[What to produce] Would you print all of the entries word for word?

[Data extract]
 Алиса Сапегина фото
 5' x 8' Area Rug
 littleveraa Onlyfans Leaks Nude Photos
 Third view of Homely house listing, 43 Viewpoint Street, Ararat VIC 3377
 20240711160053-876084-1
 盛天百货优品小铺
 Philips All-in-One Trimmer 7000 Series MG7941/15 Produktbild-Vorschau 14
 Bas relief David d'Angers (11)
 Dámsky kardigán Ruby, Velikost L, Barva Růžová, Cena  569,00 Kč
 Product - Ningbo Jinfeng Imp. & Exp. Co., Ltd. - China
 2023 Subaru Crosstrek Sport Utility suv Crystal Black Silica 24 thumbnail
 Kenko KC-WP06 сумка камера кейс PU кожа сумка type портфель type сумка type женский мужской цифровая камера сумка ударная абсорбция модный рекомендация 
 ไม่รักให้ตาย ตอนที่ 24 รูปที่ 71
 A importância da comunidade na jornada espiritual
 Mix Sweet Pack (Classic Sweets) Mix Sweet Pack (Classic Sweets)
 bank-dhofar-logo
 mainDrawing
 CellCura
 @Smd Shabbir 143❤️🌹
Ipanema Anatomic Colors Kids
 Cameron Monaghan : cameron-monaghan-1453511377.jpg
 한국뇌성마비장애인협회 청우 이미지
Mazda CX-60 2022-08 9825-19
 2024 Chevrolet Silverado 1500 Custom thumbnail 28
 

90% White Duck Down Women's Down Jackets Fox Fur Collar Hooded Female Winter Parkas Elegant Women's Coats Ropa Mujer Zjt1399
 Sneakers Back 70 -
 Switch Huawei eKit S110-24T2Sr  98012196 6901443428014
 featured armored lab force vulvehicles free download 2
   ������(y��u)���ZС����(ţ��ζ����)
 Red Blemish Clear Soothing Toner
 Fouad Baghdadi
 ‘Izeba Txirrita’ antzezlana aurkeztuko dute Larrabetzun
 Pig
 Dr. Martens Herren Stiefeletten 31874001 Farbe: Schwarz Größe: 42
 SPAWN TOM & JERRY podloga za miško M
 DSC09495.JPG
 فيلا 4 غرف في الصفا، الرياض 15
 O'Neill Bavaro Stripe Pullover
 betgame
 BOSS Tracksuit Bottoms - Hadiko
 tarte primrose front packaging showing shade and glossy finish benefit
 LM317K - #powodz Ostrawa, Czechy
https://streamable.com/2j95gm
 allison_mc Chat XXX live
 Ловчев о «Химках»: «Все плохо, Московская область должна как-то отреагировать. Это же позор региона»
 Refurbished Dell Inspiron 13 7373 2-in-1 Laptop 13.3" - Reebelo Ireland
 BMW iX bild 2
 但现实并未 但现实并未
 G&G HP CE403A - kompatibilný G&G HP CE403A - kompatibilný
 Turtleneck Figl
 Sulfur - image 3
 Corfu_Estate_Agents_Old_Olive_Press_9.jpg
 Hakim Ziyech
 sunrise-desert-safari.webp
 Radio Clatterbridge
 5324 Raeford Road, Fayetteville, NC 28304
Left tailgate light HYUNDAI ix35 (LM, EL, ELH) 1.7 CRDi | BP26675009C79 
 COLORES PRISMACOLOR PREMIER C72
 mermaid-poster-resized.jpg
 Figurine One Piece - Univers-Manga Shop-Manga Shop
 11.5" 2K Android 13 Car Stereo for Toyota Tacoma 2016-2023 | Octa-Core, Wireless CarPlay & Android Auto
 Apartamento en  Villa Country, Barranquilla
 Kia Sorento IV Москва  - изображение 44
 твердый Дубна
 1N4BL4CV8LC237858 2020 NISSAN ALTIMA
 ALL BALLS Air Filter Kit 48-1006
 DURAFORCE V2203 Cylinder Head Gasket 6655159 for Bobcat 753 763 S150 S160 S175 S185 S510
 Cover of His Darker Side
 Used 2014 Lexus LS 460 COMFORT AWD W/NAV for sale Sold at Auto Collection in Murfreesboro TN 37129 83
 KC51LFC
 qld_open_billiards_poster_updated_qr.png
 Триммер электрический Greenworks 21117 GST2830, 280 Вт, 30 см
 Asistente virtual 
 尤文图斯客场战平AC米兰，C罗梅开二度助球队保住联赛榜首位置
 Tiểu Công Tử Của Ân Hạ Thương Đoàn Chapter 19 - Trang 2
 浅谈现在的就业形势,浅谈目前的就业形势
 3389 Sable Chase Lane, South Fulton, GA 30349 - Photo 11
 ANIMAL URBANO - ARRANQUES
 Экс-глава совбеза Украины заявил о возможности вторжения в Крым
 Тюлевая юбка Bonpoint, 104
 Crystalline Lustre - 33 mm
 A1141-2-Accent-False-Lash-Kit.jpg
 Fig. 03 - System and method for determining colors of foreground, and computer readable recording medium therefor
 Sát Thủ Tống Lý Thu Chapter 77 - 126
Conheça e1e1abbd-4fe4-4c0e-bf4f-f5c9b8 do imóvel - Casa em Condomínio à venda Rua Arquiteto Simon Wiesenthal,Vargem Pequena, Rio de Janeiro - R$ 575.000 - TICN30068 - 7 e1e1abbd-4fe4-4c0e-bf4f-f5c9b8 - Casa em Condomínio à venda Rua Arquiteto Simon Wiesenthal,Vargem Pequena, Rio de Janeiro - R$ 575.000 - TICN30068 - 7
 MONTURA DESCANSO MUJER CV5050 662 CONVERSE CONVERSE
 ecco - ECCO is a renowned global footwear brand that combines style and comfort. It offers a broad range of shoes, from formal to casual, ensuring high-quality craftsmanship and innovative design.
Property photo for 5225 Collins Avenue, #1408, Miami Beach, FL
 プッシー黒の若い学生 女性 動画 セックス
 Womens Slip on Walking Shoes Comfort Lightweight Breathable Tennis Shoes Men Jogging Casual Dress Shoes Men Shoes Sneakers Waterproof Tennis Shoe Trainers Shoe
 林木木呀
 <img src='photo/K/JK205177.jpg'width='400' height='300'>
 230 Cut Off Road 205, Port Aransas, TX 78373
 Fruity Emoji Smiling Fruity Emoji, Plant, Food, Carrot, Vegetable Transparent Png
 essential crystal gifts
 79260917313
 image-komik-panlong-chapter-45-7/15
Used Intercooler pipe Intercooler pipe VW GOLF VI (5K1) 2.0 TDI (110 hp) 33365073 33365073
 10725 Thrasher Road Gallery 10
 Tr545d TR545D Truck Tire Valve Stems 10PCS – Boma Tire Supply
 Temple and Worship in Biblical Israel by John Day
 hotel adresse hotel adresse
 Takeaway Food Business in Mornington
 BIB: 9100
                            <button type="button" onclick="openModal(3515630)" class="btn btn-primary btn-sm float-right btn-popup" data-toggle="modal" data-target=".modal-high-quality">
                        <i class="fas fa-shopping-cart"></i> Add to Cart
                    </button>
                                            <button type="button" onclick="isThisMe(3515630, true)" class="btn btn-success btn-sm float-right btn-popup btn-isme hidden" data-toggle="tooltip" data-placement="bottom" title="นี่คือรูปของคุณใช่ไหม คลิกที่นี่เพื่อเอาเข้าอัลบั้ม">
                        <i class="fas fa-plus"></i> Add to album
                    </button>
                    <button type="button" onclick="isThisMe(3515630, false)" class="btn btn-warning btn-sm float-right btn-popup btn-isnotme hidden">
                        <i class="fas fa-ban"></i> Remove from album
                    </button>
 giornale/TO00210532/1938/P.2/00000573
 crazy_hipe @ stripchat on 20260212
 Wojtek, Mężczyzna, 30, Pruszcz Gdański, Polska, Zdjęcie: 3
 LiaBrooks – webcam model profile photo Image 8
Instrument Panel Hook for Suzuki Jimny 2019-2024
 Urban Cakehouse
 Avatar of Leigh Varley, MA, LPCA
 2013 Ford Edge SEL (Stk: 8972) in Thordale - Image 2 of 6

[Written reply]
 Алиса Сапегина фото
 5' x 8' Area Rug
 littleveraa Onlyfans Leaks Nude Photos
 Third view of Homely house listing, 43 Viewpoint Street, Ararat VIC 3377
 20240711160053-876084-1
 盛天百货优品小铺
 Philips All-in-One Trimmer 7000 Series MG7941/15 Produktbild-Vorschau 14
 Bas relief David d'Angers (11)
 Dámsky kardigán Ruby, Velikost L, Barva Růžová, Cena  569,00 Kč
 Product - Ningbo Jinfeng Imp. & Exp. Co., Ltd. - China
 2023 Subaru Crosstrek Sport Utility suv Crystal Black Silica 24 thumbnail
 Kenko KC-WP06 сумка камера кейс PU кожа сумка type портфель type сумка type женский мужской цифровая камера сумка ударная абсорбция модный рекомендация 
 ไม่รักให้ตาย ตอนที่ 24 รูปที่ 71
 A importância da comunidade na jornada espiritual
 Mix Sweet Pack (Classic Sweets) Mix Sweet Pack (Classic Sweets)
 bank-dhofar-logo
 mainDrawing
 CellCura
 @Smd Shabbir 143❤️🌹
Ipanema Anatomic Colors Kids
 Cameron Monaghan : cameron-monaghan-1453511377.jpg
 한국뇌성마비장애인협회 청우 이미지
Mazda CX-60 2022-08 9825-19
 2024 Chevrolet Silverado 1500 Custom thumbnail 28
 

90% White Duck Down Women's Down Jackets Fox Fur Collar Hooded Female Winter Parkas Elegant Women's Coats Ropa Mujer Zjt1399
 Sneakers Back 70 -
 Switch Huawei eKit S110-24T2Sr  98012196 6901443428014
 featured armored lab force vulvehicles free download 2
   ������(y��u)���ZС����(ţ��ζ����)
 Red Blemish Clear Soothing Toner
 Fouad Baghdadi
 ‘Izeba Txirrita’ antzezlana aurkeztuko dute Larrabetzun
 Pig
 Dr. Martens Herren Stiefeletten 31874001 Farbe: Schwarz Größe: 42
 SPAWN TOM & JERRY podloga za miško M
 DSC09495.JPG
 فيلا 4 غرف في الصفا، الرياض 15
 O'Neill Bavaro Stripe Pullover
 betgame
 BOSS Tracksuit Bottoms - Hadiko
 tarte primrose front packaging showing shade and glossy finish benefit
 LM317K - #powodz Ostrawa, Czechy
https://streamable.com/2j95gm
 allison_mc Chat XXX live
 Ловчев о «Химках»: «Все плохо, Московская область должна как-то отреагировать. Это же позор региона»
 Refurbished Dell Inspiron 13 7373 2-in-1 Laptop 13.3" - Reebelo Ireland
 BMW iX bild 2
 但现实并未 但现实并未
 G&G HP CE403A - kompatibilný G&G HP CE403A - kompatibilný
 Turtleneck Figl
 Sulfur - image 3
 Corfu_Estate_Agents_Old_Olive_Press_9.jpg
 Hakim Ziyech
 sunrise-desert-safari.webp
 Radio Clatterbridge
 5324 Raeford Road, Fayetteville, NC 28304
Left tailgate light HYUNDAI ix35 (LM, EL, ELH) 1.7 CRDi | BP26675009C79 
 COLORES PRISMACOLOR PREMIER C72
 mermaid-poster-resized.jpg
 Figurine One Piece - Univers-Manga Shop-Manga Shop
 11.5" 2K Android 13 Car Stereo for Toyota Tacoma 2016-2023 | Octa-Core, Wireless CarPlay & Android Auto
 Apartamento en  Villa Country, Barranquilla
 Kia Sorento IV Москва  - изображение 44
 твердый Дубна
 1N4BL4CV8LC237858 2020 NISSAN ALTIMA
 ALL BALLS Air Filter Kit 48-1006
 DURAFORCE V2203 Cylinder Head Gasket 6655159 for Bobcat 753 763 S150 S160 S175 S185 S510
 Cover of His Darker Side
 Used 2014 Lexus LS 460 COMFORT AWD W/NAV for sale Sold at Auto Collection in Murfreesboro TN 37129 83
 KC51LFC
 qld_open_billiards_poster_updated_qr.png
 Триммер электрический Greenworks 21117 GST2830, 280 Вт, 30 см
 Asistente virtual 
 尤文图斯客场战平AC米兰，C罗梅开二度助球队保住联赛榜首位置
 Tiểu Công Tử Của Ân Hạ Thương Đoàn Chapter 19 - Trang 2
 浅谈现在的就业形势,浅谈目前的就业形势
 3389 Sable Chase Lane, South Fulton, GA 30349 - Photo 11
 ANIMAL URBANO - ARRANQUES
 Экс-глава совбеза Украины заявил о возможности вторжения в Крым
 Тюлевая юбка Bonpoint, 104
 Crystalline Lustre - 33 mm
 A1141-2-Accent-False-Lash-Kit.jpg
 Fig. 03 - System and method for determining colors of foreground, and computer readable recording medium therefor
 Sát Thủ Tống Lý Thu Chapter 77 - 126
Conheça e1e1abbd-4fe4-4c0e-bf4f-f5c9b8 do imóvel - Casa em Condomínio à venda Rua Arquiteto Simon Wiesenthal,Vargem Pequena, Rio de Janeiro - R$ 575.000 - TICN30068 - 7 e1e1abbd-4fe4-4c0e-bf4f-f5c9b8 - Casa em Condomínio à venda Rua Arquiteto Simon Wiesenthal,Vargem Pequena, Rio de Janeiro - R$ 575.000 - TICN30068 - 7
 MONTURA DESCANSO MUJER CV5050 662 CONVERSE CONVERSE
 ecco - ECCO is a renowned global footwear brand that combines style and comfort. It offers a broad range of shoes, from formal to casual, ensuring high-quality craftsmanship and innovative design.
Property photo for 5225 Collins Avenue, #1408, Miami Beach, FL
 プッシー黒の若い学生 女性 動画 セックス
 Womens Slip on Walking Shoes Comfort Lightweight Breathable Tennis Shoes Men Jogging Casual Dress Shoes Men Shoes Sneakers Waterproof Tennis Shoe Trainers Shoe
 林木木呀
 <img src='photo/K/JK205177.jpg'width='400' height='300'>
 230 Cut Off Road 205, Port Aransas, TX 78373
 Fruity Emoji Smiling Fruity Emoji, Plant, Food, Carrot, Vegetable Transparent Png
 essential crystal gifts
 79260917313
 image-komik-panlong-chapter-45-7/15
Used Intercooler pipe Intercooler pipe VW GOLF VI (5K1) 2.0 TDI (110 hp) 33365073 33365073
 10725 Thrasher Road Gallery 10
 Tr545d TR545D Truck Tire Valve Stems 10PCS – Boma Tire Supply
 Temple and Worship in Biblical Israel by John Day
 hotel adresse hotel adresse
 Takeaway Food Business in Mornington
 BIB: 9100
                            <button type="button" onclick="openModal(3515630)" class="btn btn-primary btn-sm float-right btn-popup" data-toggle="modal" data-target=".modal-high-quality">
                        <i class="fas fa-shopping-cart"></i> Add to Cart
                    </button>
                                            <button type="button" onclick="isThisMe(3515630, true)" class="btn btn-success btn-sm float-right btn-popup btn-isme hidden" data-toggle="tooltip" data-placement="bottom" title="นี่คือรูปของคุณใช่ไหม คลิกที่นี่เพื่อเอาเข้าอัลบั้ม">
                        <i class="fas fa-plus"></i> Add to album
                    </button>
                    <button type="button" onclick="isThisMe(3515630, false)" class="btn btn-warning btn-sm float-right btn-popup btn-isnotme hidden">
                        <i class="fas fa-ban"></i> Remove from album
                    </button>
 giornale/TO00210532/1938/P.2/00000573
 crazy_hipe @ stripchat on 20260212
 Wojtek, Mężczyzna, 30, Pruszcz Gdański, Polska, Zdjęcie: 3
 LiaBrooks – webcam model profile photo Image 8
Instrument Panel Hook for Suzuki Jimny 2019-2024
 Urban Cakehouse
 Avatar of Leigh Varley, MA, LPCA
 2013 Ford Edge SEL (Stk: 8972) in Thordale - Image 2 of 6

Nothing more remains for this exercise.